Source data:
----------------

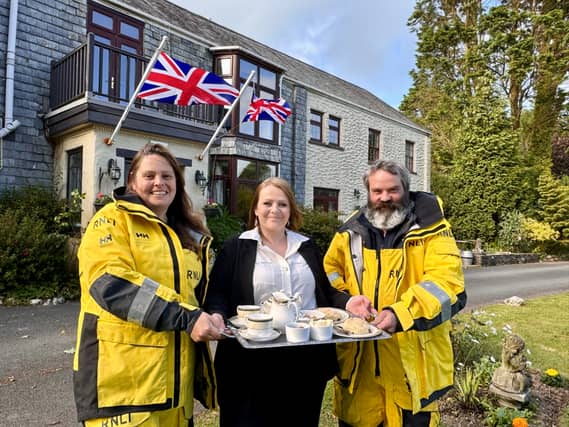 Ilfracombe RNLI crew Gillian Cole and Stuart Carpenter join Trimstone Manor’s Rhianne Mockridge to encourage people to go along for the RNLI Charity Cream Tea this June. Credit: Trimstone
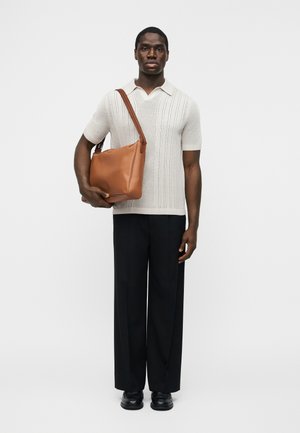 Homme debout portant une chemise blanche à manches courtes en tricot, un pantalon noir à jambes larges, des chaussures noires, tenant un grand sac à bandoulière en cuir marron sur son bras gauche.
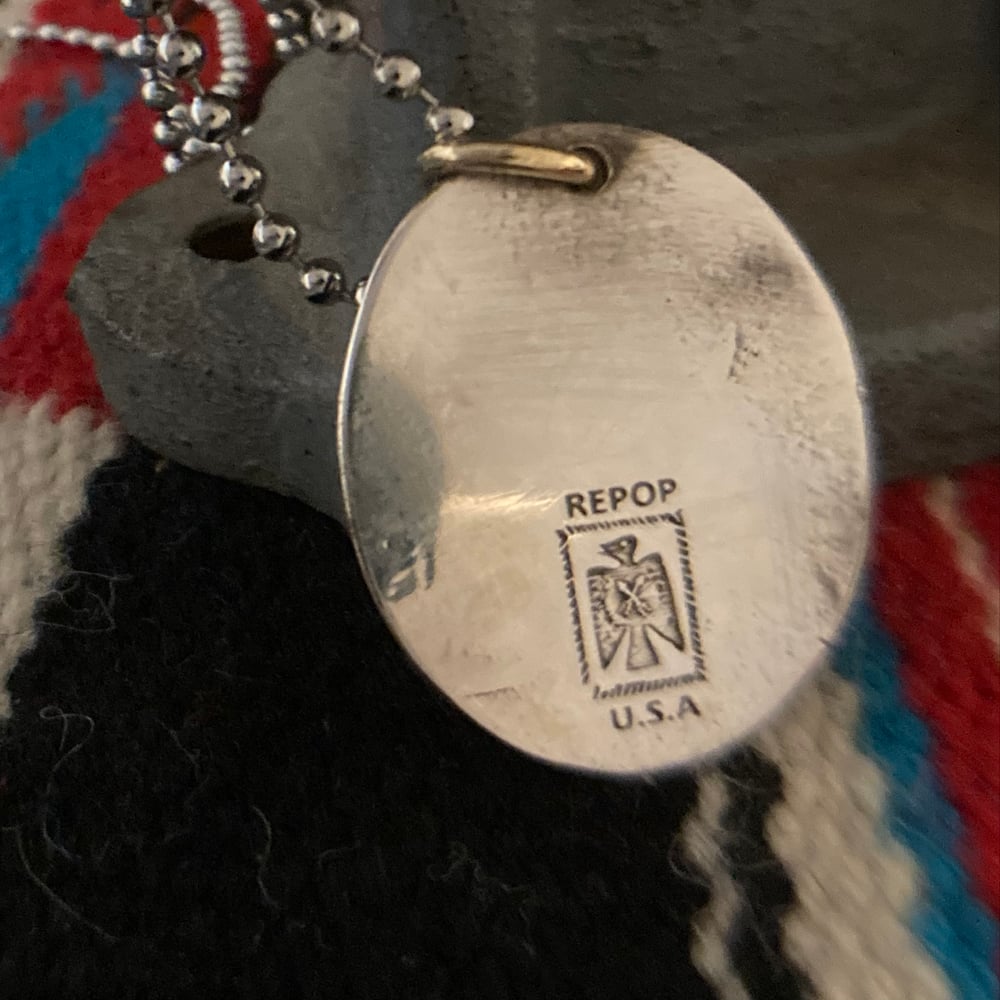 SKULL AND CROSSBONES PENDANT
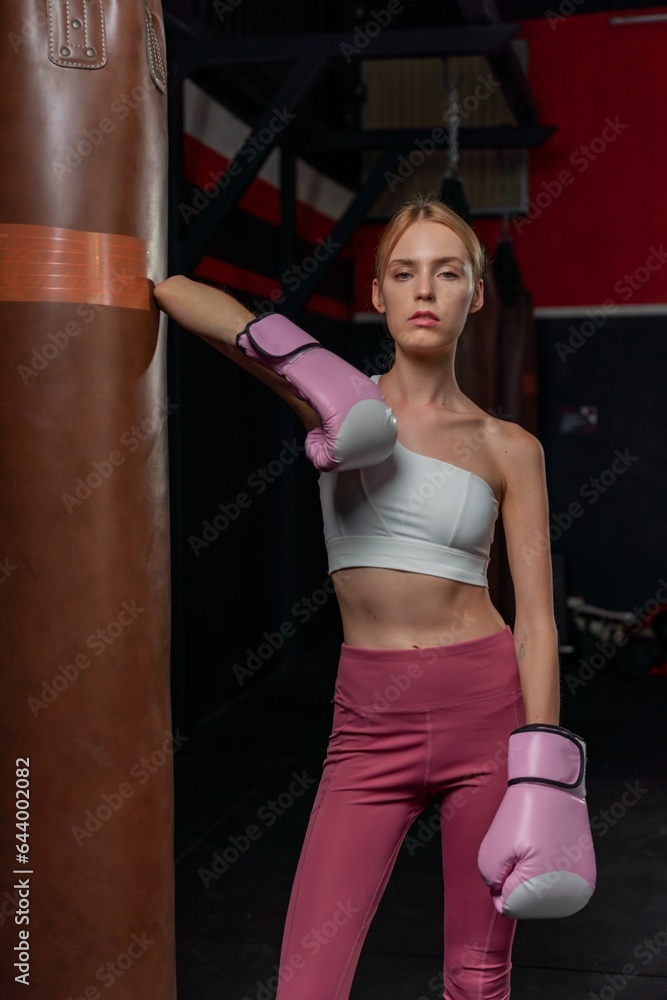 Beautiful and sexy blonde woman wearing pink gloves strikes a confident pose beside a punching bag in a boxing gym, exuding strength and style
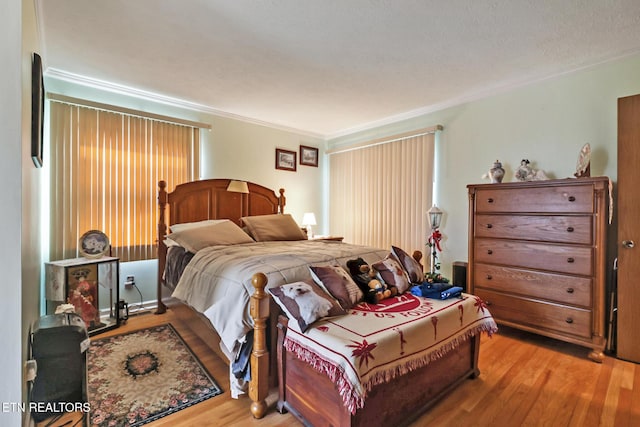 bedroom with crown molding and light hardwood / wood-style flooring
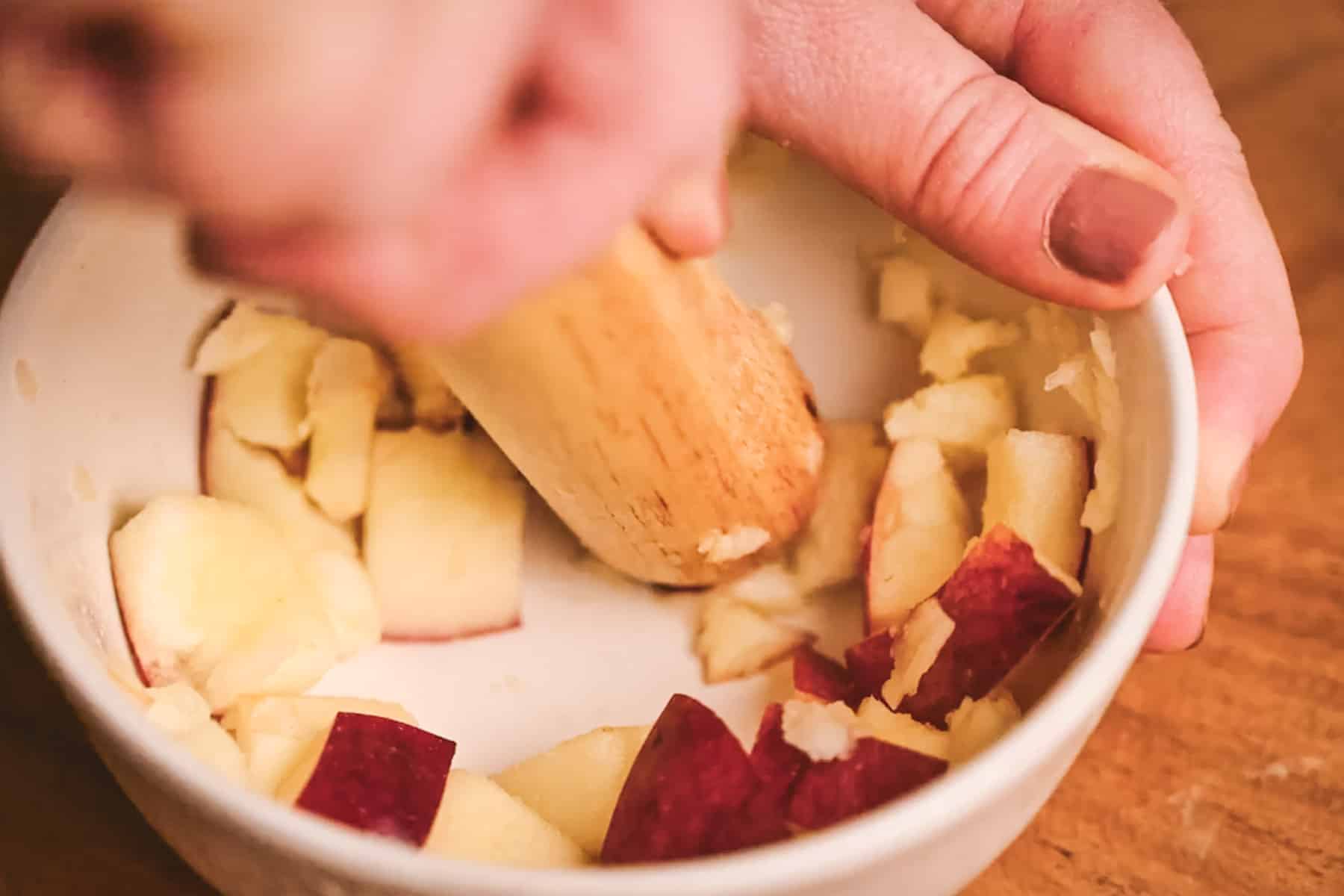 Person muddling apples in a white bowl.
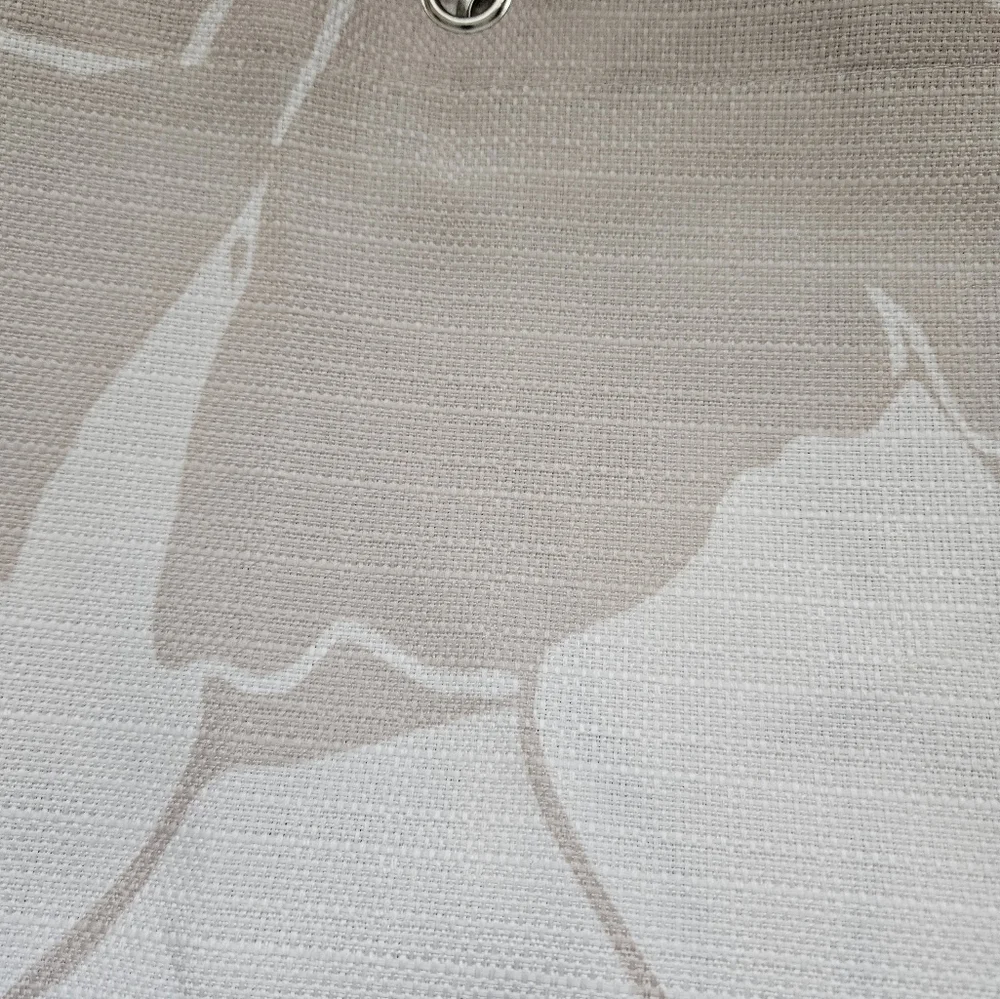 Floral tan and ivory fabric shower curtain with satin nickel hooks.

----------------

- ABOUT THIS EXERCISE
All entries above must be duplicated exactly; please omit any picture they hold.

- SOLVED PROBLEM
 Ilfracombe RNLI crew Gillian Cole and Stuart Carpenter join Trimstone Manor’s Rhianne Mockridge to encourage people to go along for the RNLI Charity Cream Tea this June. Credit: Trimstone
 Homme debout portant une chemise blanche à manches courtes en tricot, un pantalon noir à jambes larges, des chaussures noires, tenant un grand sac à bandoulière en cuir marron sur son bras gauche.
 SKULL AND CROSSBONES PENDANT
 Beautiful and sexy blonde woman wearing pink gloves strikes a confident pose beside a punching bag in a boxing gym, exuding strength and style
 bedroom with crown molding and light hardwood / wood-style flooring
 Person muddling apples in a white bowl.
 Floral tan and ivory fabric shower curtain with satin nickel hooks.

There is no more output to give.